[Libre-soc-dev] [llvm-dev] [RFC] Vector/SIMD ISA Context Abstraction

Mon Aug 9 16:46:43 BST 2021

again, apologies, a follow-up: i'd like to keep the conversation going (with everyone).

a reminder / summary of the proposal:

     all basic *scalar* LLVM intrinsics extend with *optional* arguments that
     provide Vector / SIMD Augmentation Context. 

the benefit being that the number of intrinsics needed now and in the future in LLVM is dramatically reduced

first, a clarification: Renato, you asked if the shuffle capability of LLVM SVE was sufficient: i replied slightly flippantly asking if shuffle-{any-arith-op} existed as a concept (apologies for that).

SVP64 does not have shuffle-{any-arith-op} however being targetted at 3D and Video it does have Swizzle and a new concept: REMAP.  Swizzle can be applied through prefixing to all source registers.  it is well-known in the GPU world, especially how important it is, and does not need describing.

REMAP is a completely new concept.  an algorithmic "remapping" is applied to the normally sequentially-incrementing Vector Element indices.  useful limited easy-to-implement "remappings" are being developed, such as Matrix Schedules (0 3 6 1 4 7 2 5 8) and RADIX-2 FFT/DCT Butterfly Schedules.

normally Shuffle is limited to either memory operations or to register MV operations, and both are inherently supported by SVP64 through Vectorisation of base scalar operations: Indexed LD/ST for example.

my point is that whilst SVP64 supports the "normal" expected type of Shuffle Operations expected of Vector ISAs (Vector-Indexed-LD, Indexed-Reg-MV) it also has GPU style Swizzle (a limited type of shuffle for short vectors up to length 4) and REMAP.

thus, there is a case even for adding shuffle-augmentation to base LLVM intrinsics as optional arguments.
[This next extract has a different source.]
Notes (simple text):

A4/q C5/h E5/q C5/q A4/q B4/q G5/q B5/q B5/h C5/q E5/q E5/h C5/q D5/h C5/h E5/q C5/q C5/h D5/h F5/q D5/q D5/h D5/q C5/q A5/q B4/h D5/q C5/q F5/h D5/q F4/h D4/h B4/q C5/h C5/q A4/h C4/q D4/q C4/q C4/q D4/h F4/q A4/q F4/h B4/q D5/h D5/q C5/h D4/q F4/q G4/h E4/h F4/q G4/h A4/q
the one that *is* much more general purpose but was not mentioned except in passing was VGATHER-VSCATTER.

in all other Vector ISAs these are usually either memory-only or Reg-MV operations (or both).  it's usually done with Predicate Masks. In SVP64, surprise: both VGATHER and VSCATTER are abstracted-out concepts that can apply to almost every operation.  this is not possible to do all thr time, but when *both* are applied (VGATHER to the source regs or memory, VSCATTER to the dest), we call that "Twin Predication".

thus, again, we would propose adding *both* a source predicate mask *and* destination predicate mask to base llvm intrinsics, as optional arguments.

the other concept is slightly odd: element-width overrides even on operations where the source registers are specified at a fixed width already.  this one i am slightly uncertain about.

we have a Mode in SVP64 called "Saturate" which has sub-options Signed and Unsigned.  the rules for this took us some time to derive: eventually we realised that the rule has to be that the arithmetic operation appears to take place at *infinite* precision, followed up by truncation to the min/max of the output bitwidth.

all other definitions turned out to be problematic in some way (particularly for multiply or power).

what i am not certain about is whether it is perfectly sufficient to use standard base LLVM intrinsics, and count on source register type and return type as the SVP64 src width and dest width, and simply add optional arguments for signed/unsigned saturation.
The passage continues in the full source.